■ **TASK**
Print the listing from its top line through the line containing "When, two weeks", nothing more, and leave out the pictures.

■ **MATERIAL SHOWN**

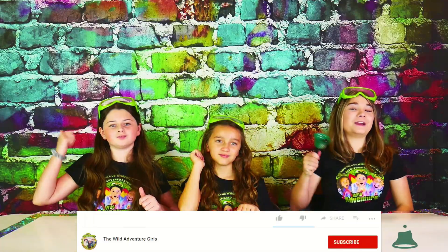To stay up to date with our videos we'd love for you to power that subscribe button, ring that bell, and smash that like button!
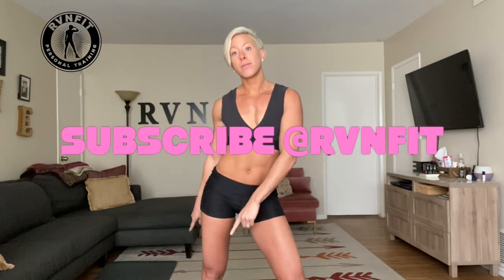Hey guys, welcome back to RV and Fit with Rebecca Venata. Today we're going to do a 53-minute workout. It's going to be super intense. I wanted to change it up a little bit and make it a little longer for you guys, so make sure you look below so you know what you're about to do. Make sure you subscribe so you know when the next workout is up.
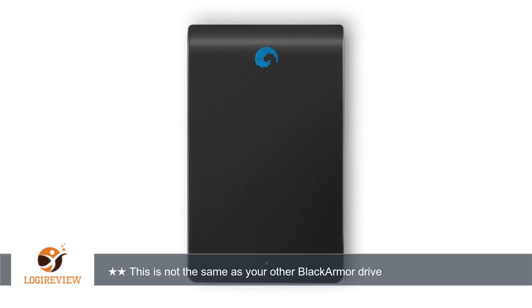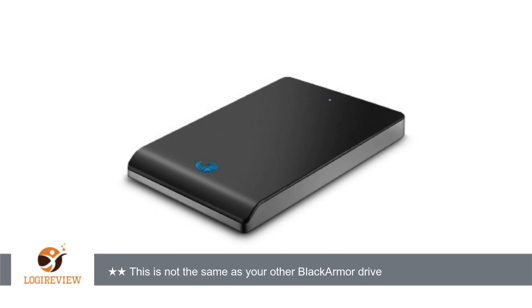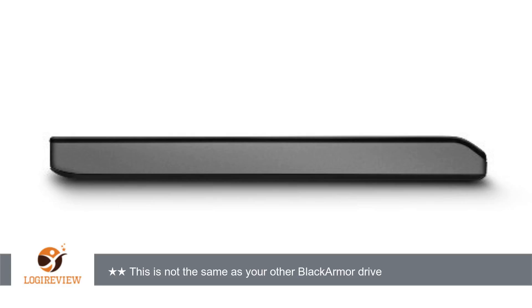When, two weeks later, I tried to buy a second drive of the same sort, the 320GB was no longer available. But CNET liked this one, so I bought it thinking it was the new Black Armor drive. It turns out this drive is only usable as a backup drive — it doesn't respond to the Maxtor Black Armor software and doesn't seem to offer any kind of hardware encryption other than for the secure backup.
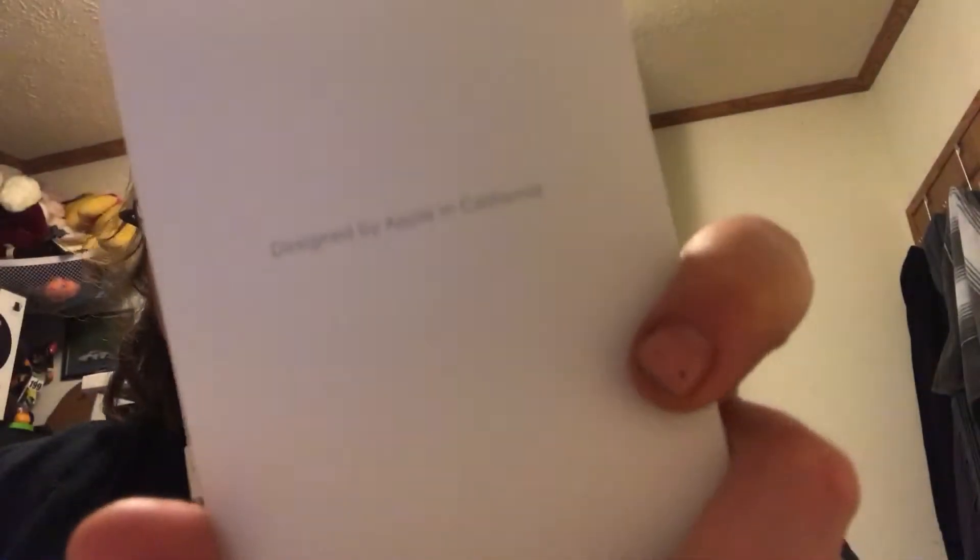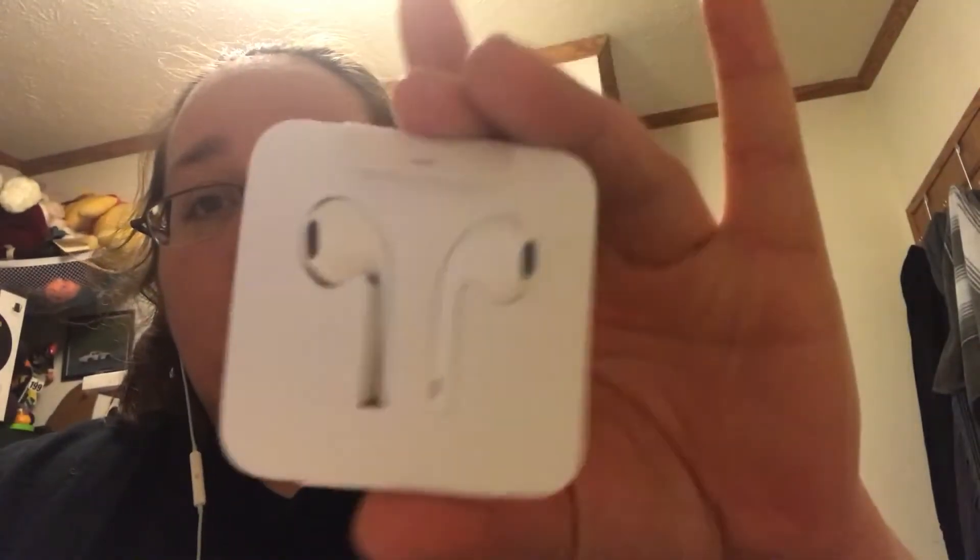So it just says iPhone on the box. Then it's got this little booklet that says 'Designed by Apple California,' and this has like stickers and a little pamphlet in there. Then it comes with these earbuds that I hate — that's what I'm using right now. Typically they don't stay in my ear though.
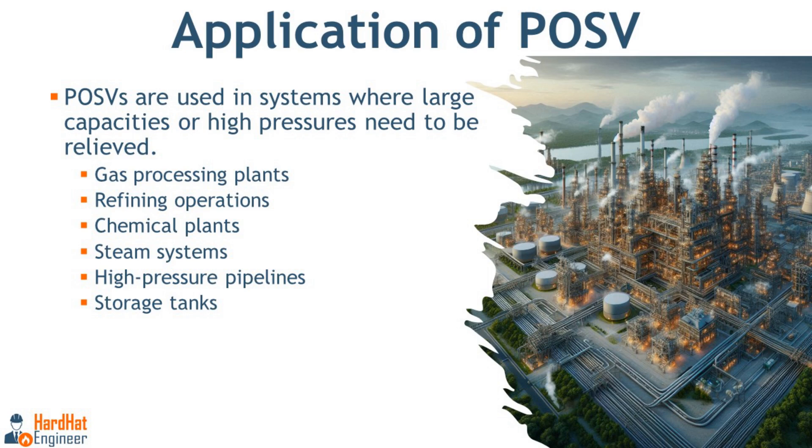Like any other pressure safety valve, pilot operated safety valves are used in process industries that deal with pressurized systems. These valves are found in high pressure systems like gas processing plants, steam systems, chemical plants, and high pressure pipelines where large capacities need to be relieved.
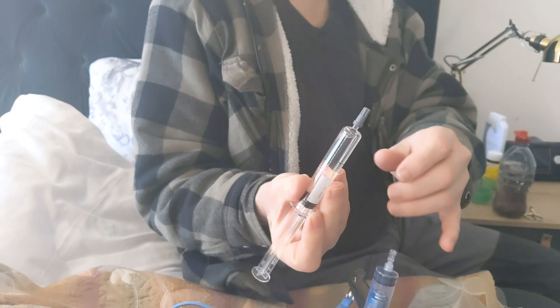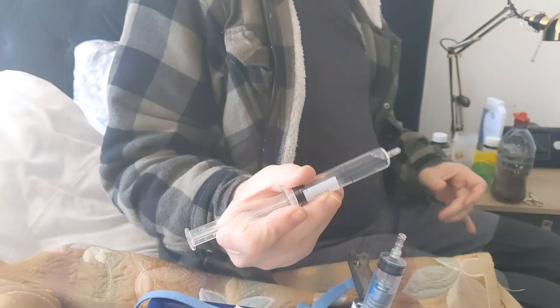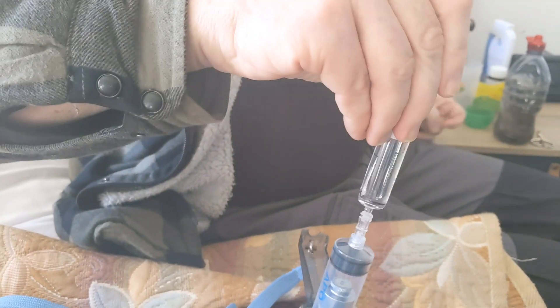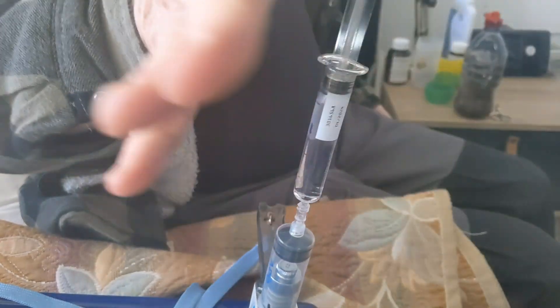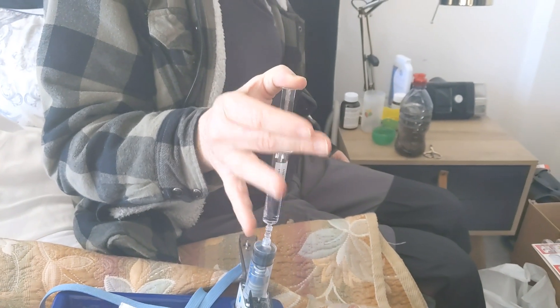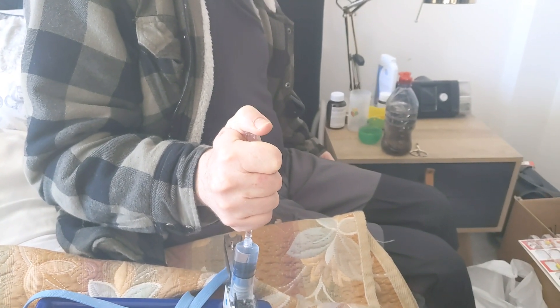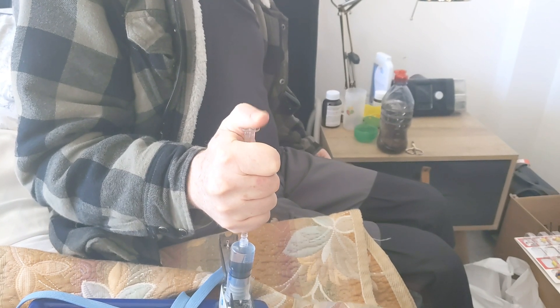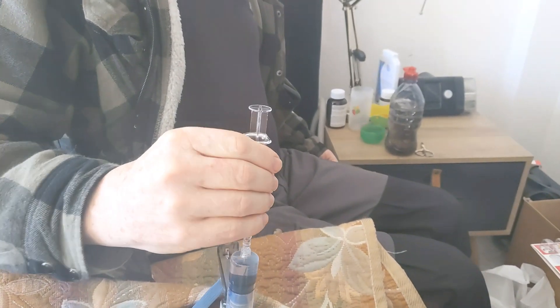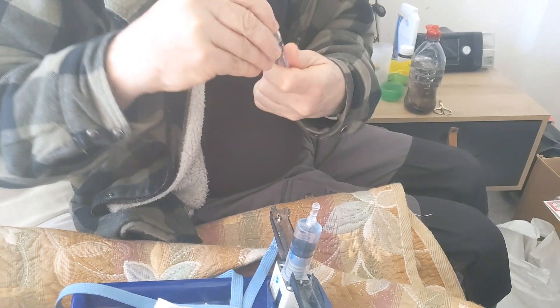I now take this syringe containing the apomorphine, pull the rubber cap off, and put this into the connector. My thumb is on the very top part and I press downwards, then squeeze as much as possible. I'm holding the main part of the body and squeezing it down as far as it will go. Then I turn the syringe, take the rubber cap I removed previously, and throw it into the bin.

■ **ANSWER TO THIS EXERCISE**
To stay up to date with our videos we'd love for you to power that subscribe button, ring that bell, and smash that like button!
Hey guys, welcome back to RV and Fit with Rebecca Venata. Today we're going to do a 53-minute workout. It's going to be super intense. I wanted to change it up a little bit and make it a little longer for you guys, so make sure you look below so you know what you're about to do. Make sure you subscribe so you know when the next workout is up.
When, two weeks later, I tried to buy a second drive of the same sort, the 320GB was no longer available. But CNET liked this one, so I bought it thinking it was the new Black Armor drive. It turns out this drive is only usable as a backup drive — it doesn't respond to the Maxtor Black Armor software and doesn't seem to offer any kind of hardware encryption other than for the secure backup.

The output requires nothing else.